StandardDeviation - Amazon Glue
Services or capabilities described in Amazon Web Services documentation might vary by Region. To see the differences applicable to the China Regions, see Getting Started with Amazon Web Services in China (PDF).

StandardDeviation

Checks the standard deviation of all of the values in a column against a given expression.

Syntax

StandardDeviation <COL_NAME> <EXPRESSION>
  • COL_NAME – The name of the column that you want to evaluate the data quality rule against.

    Supported column types: Byte, Decimal, Double, Float, Integer, Long, Short

  • EXPRESSION – An expression to run against the rule type response in order to produce a Boolean value. For more information, see Expressions.

Example: Standard deviation

The following example rule checks whether the standard deviation of the values in a column named colA is less than a specified value.

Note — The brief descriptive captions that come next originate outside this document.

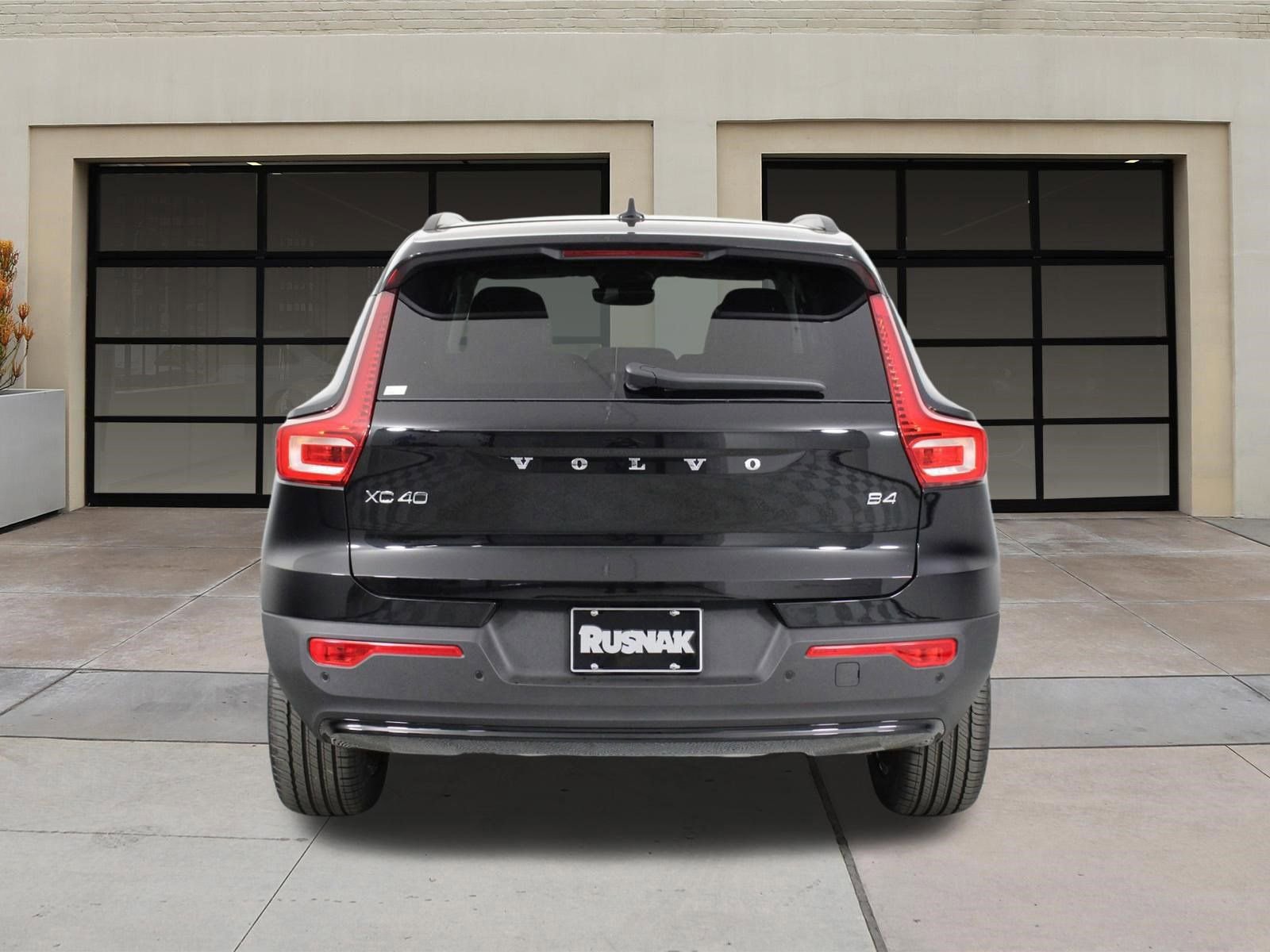 New 2026 Volvo XC40 B4 Core image 4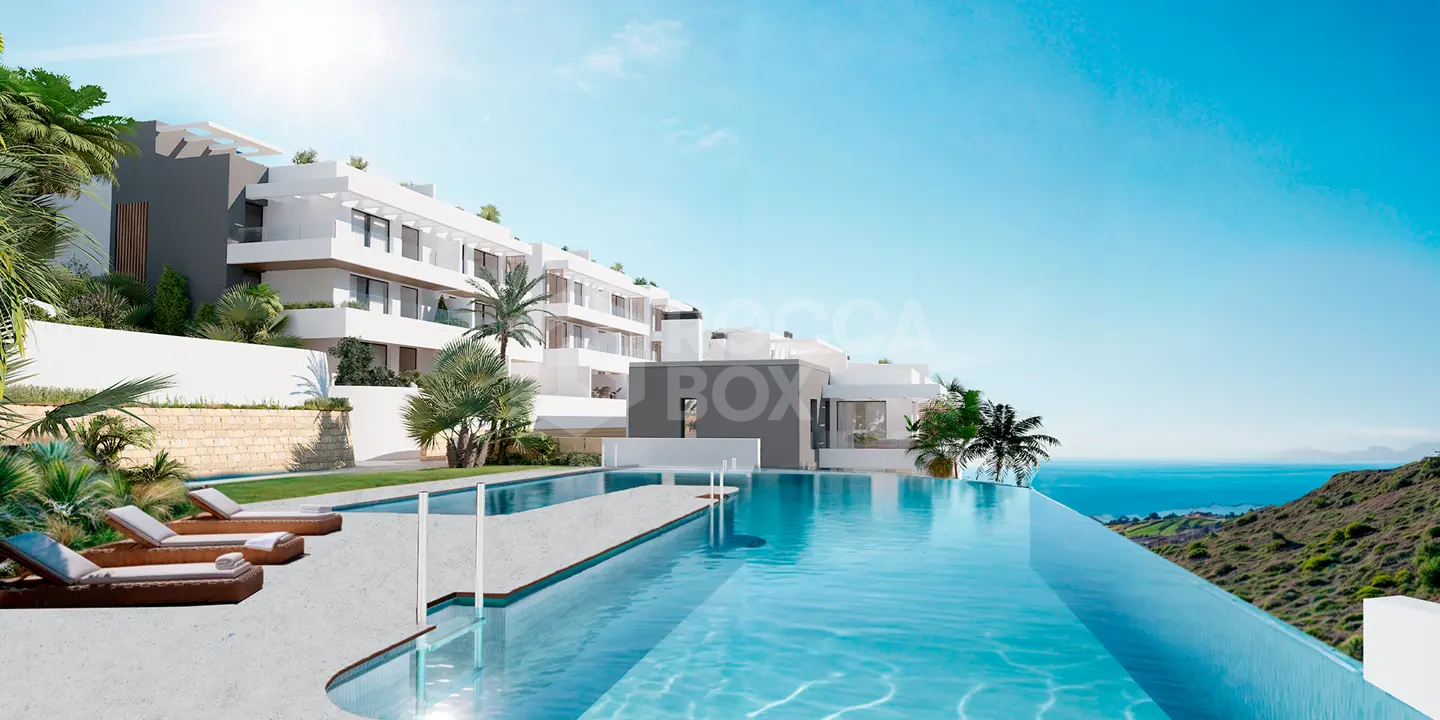 Coastal Elegance with Panoramic Views: 2-Bedroom Apartment in a Tranquil Oasis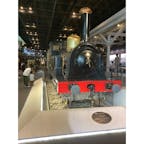 鉄道博物館へ行って来ました。
国産第一号の機関車が展示されてます。
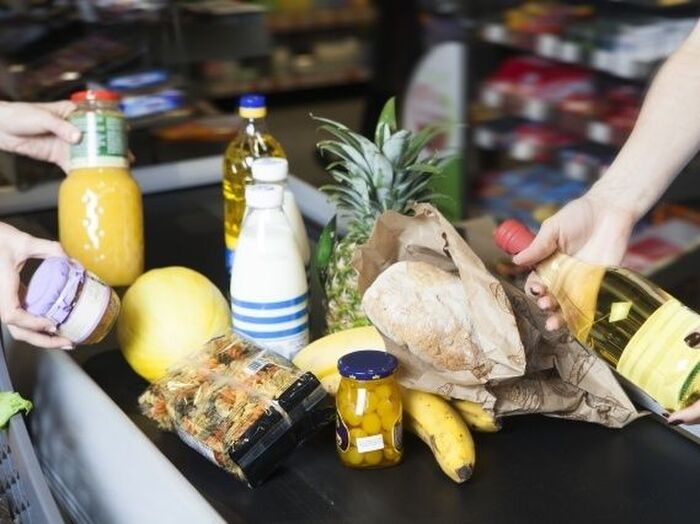 8.普通のスーパーとレジが違う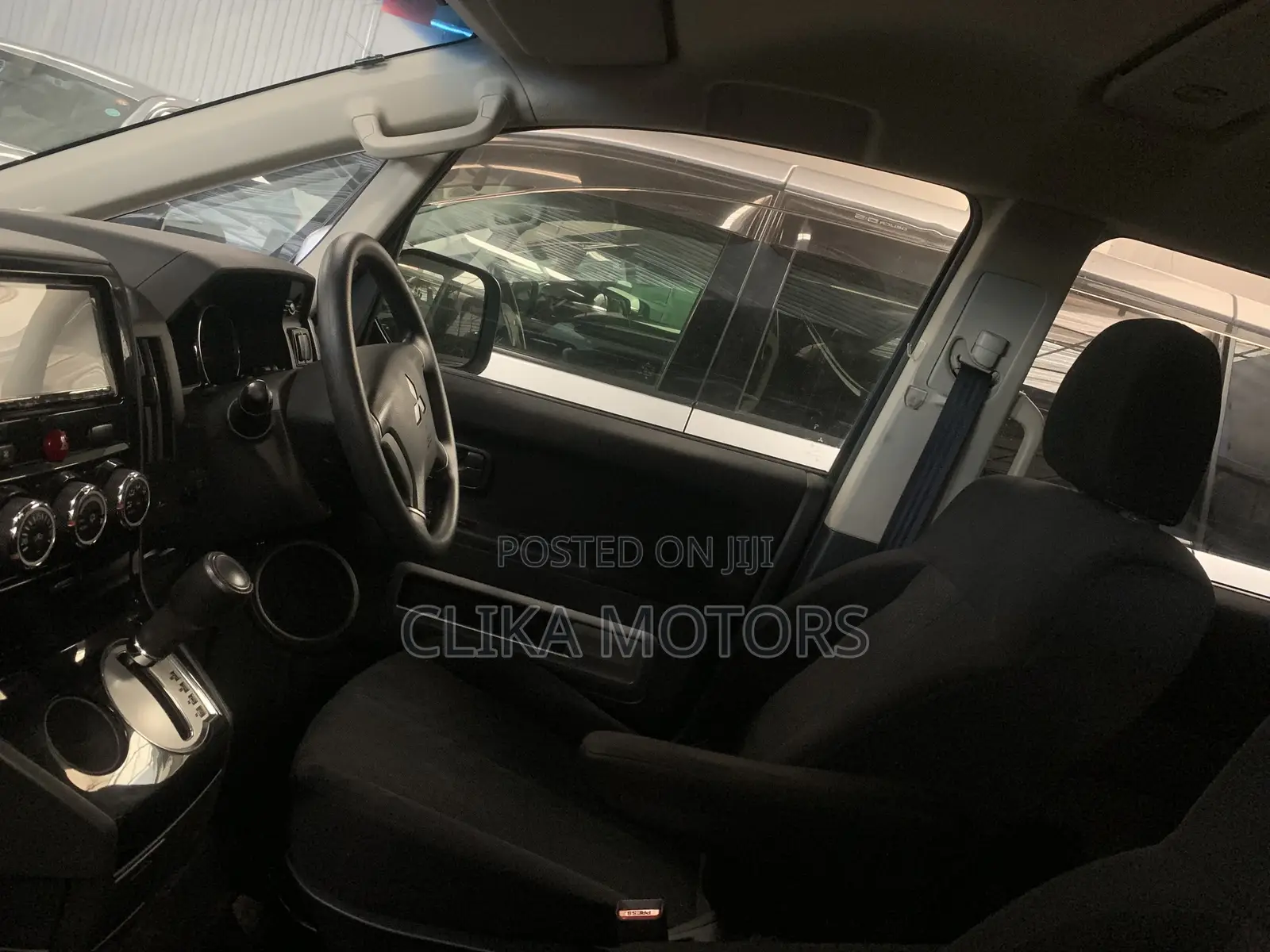 Mitsubishi Delica 2018 Green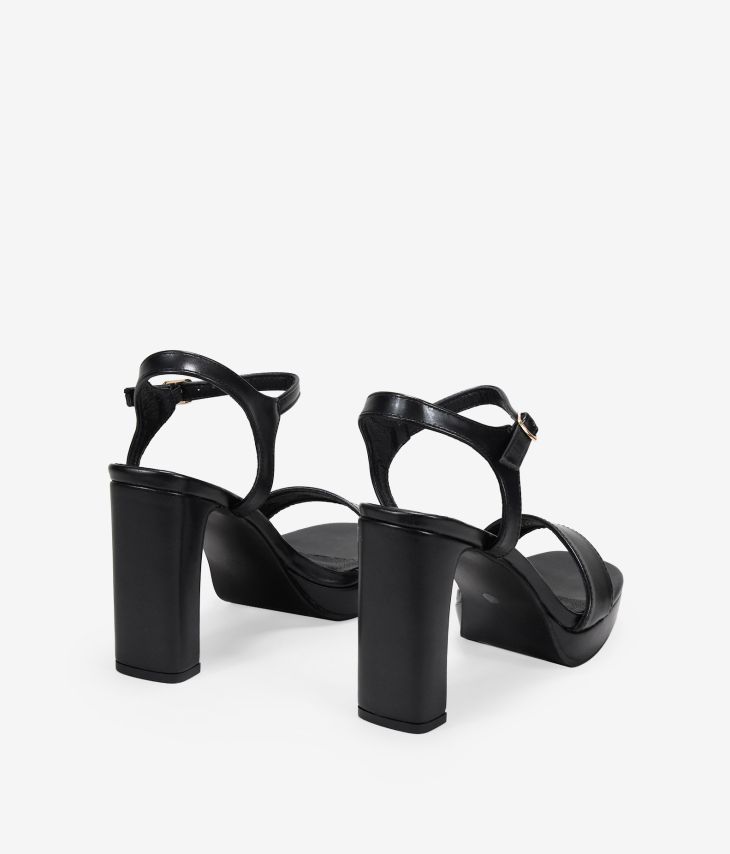 Sandalias de tacón negras con pulsera y hebilla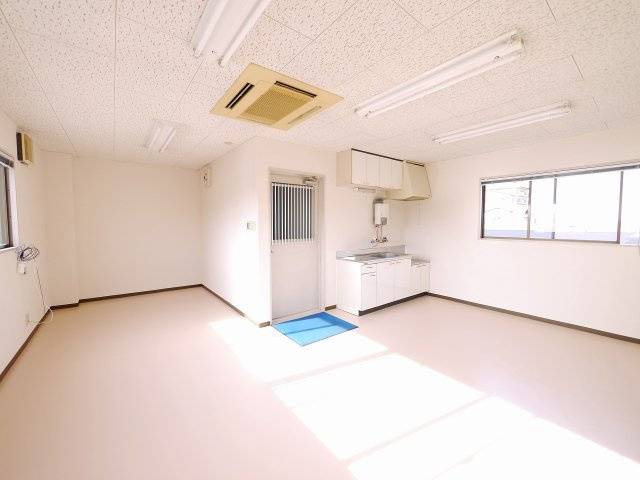 清和ビルの内装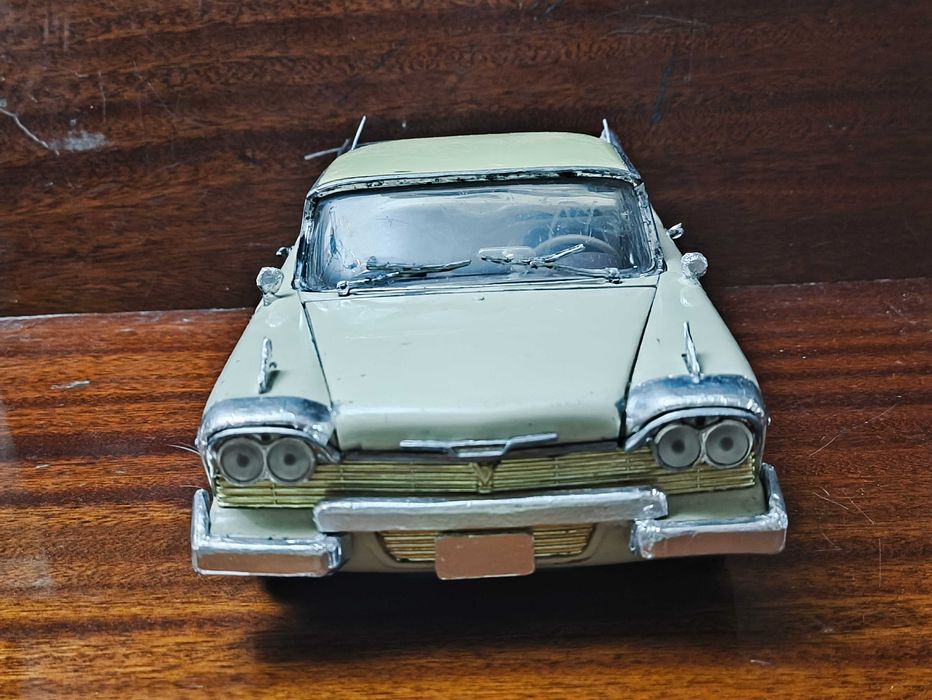 Модель Plymouth Fury 1958 1/18 Motormax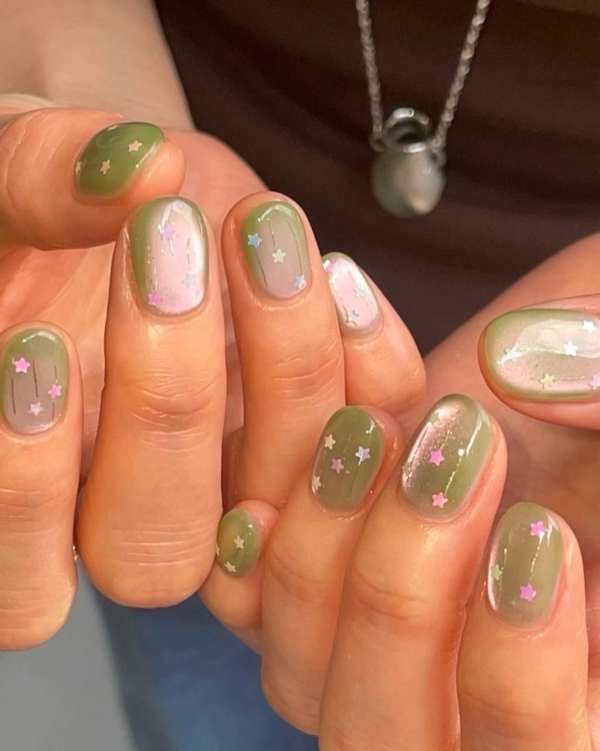 7 трендов летнего маникюра для невест 2025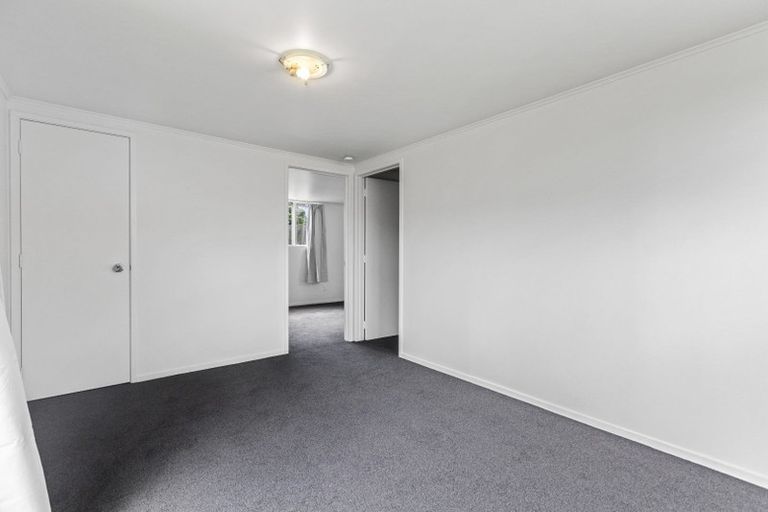 Photo of property in 496 Roscommon Road, Clendon Park, Auckland, 2103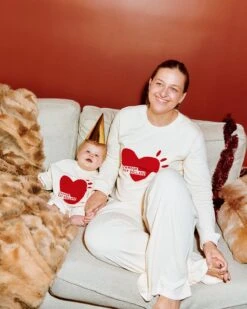 Le Sweat D'allaitement L'amour Est Déclaré Femme En Coton Bio - Crème -Bijoux Magasin COMPOSWl amourestdeclarefemmeenfant 1280x1600px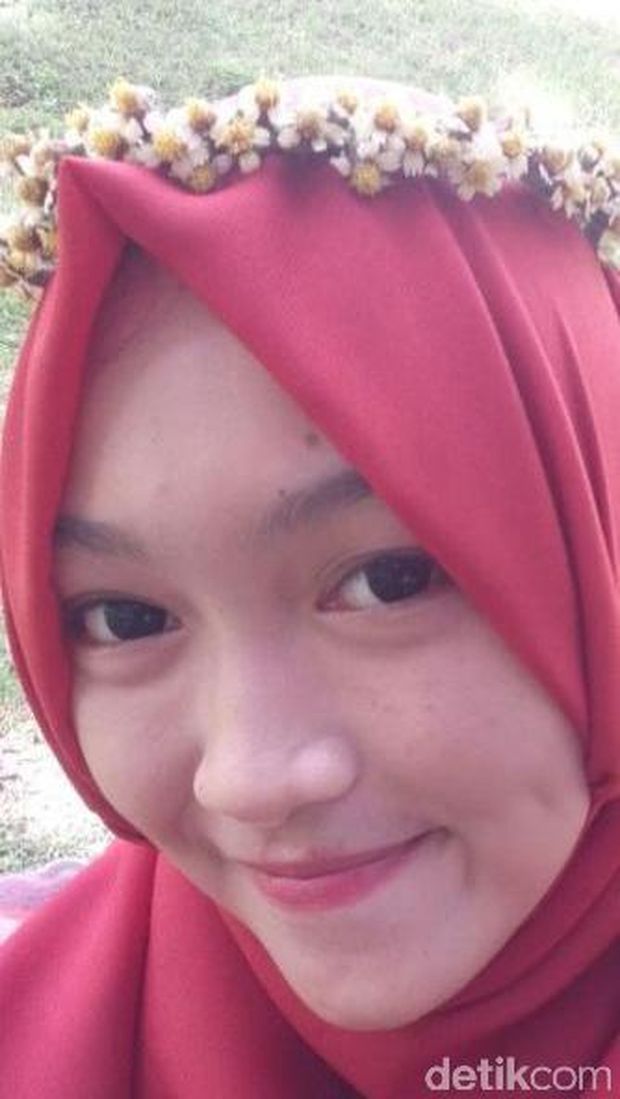7 Peserta Hijab Hunt 2017 Berwajah Manis dengan Lesung Pipit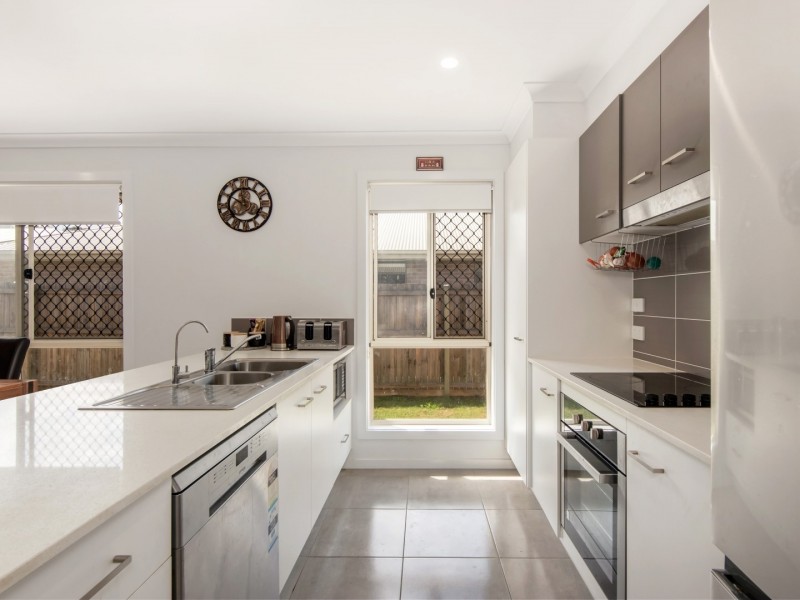 41 Wallace Street, Walloon QLD 4306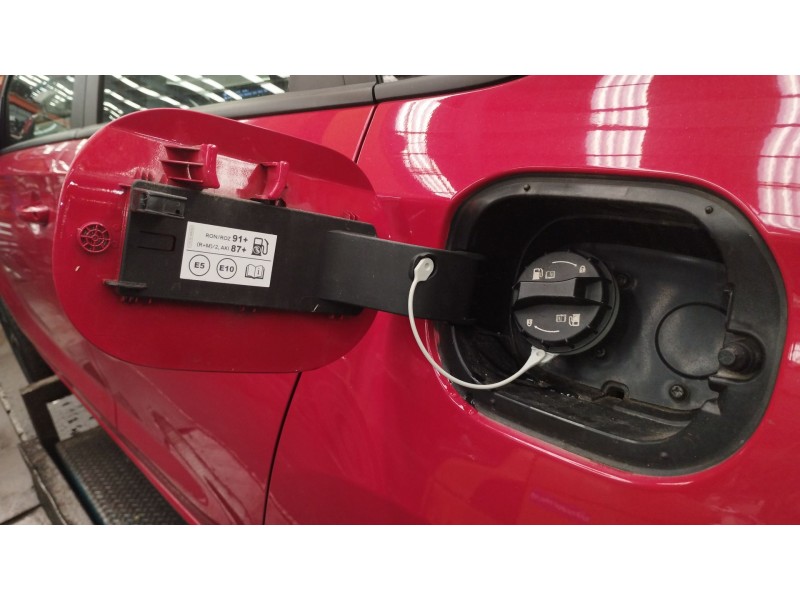 Recambio de tapa exterior combustible para hyundai i30 (pde, pd, pden) 1.5 referencia OEM IAM 81595G4000 81595G4050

StandardDeviation "Star_Rating" < 1.5 StandardDeviation "Salary" < 3500 where "Customer_ID < 10"

Sample dynamic rules

  • StandardDeviation "colA" > avg(last(10) + 0.1

  • StandardDeviation "colA" between min(last(10)) - 1 and max(last(10)) + 1

Null behavior

The StandardDeviation rule will ignore rows with NULL values in the calculation of standard deviation. For example:

+---+-----------+-----------+ |id |units1 |units2 | +---+-----------+-----------+ |100|0 |0 | |101|null |0 | |102|20 |20 | |103|null |0 | |104|40 |40 | +---+-----------+-----------+

The standard deviation of column units1 will not consider rows 101 and 103 and result to 16.33. The standard deviation for column units2 will result in 16.